++++ RAW DATA ++++

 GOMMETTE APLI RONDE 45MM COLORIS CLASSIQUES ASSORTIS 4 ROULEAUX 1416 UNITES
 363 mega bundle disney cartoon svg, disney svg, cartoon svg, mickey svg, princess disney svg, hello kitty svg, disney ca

++++
++++ RAW DATA ++++

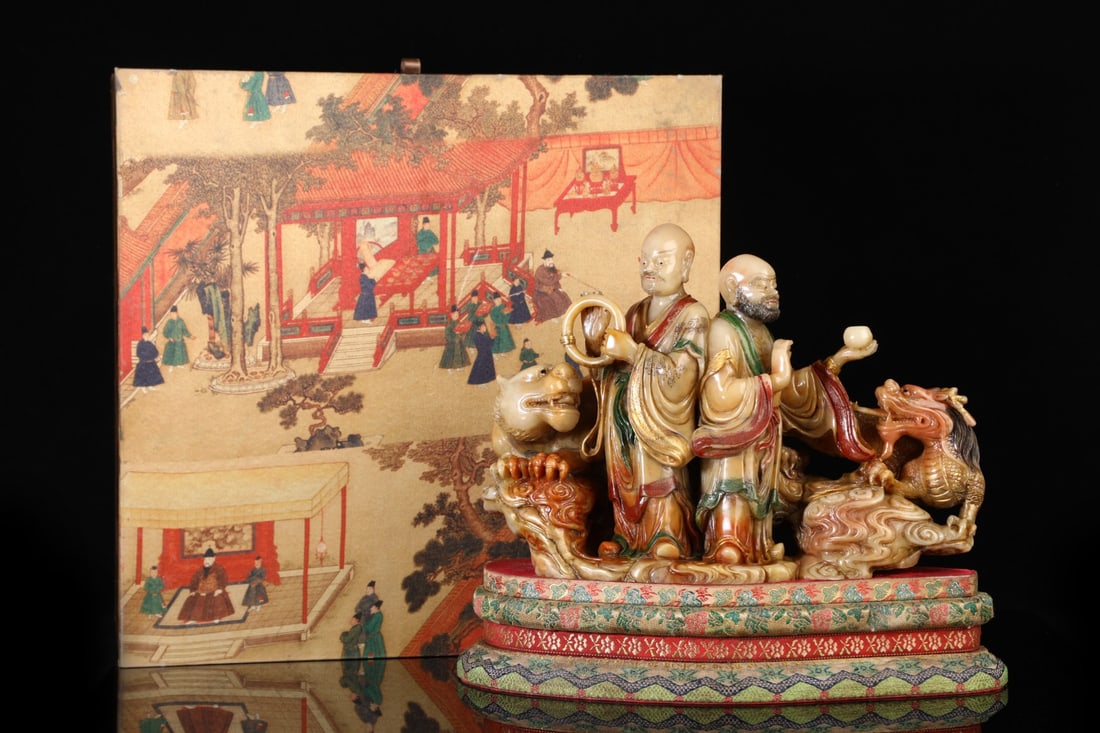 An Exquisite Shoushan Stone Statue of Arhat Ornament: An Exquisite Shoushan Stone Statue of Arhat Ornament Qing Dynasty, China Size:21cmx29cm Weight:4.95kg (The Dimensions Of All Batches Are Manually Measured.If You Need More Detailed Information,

++++

> _ABOUT THIS EXERCISE_:
Using the records above, write out exactly the lines between the one holding "GOMMETTE APLI RONDE" and the one holding "363 mega bundle", inclusive; leave everything else out.

> _RESULT OF THE EXERCISE_:
 GOMMETTE APLI RONDE 45MM COLORIS CLASSIQUES ASSORTIS 4 ROULEAUX 1416 UNITES
 363 mega bundle disney cartoon svg, disney svg, cartoon svg, mickey svg, princess disney svg, hello kitty svg, disney ca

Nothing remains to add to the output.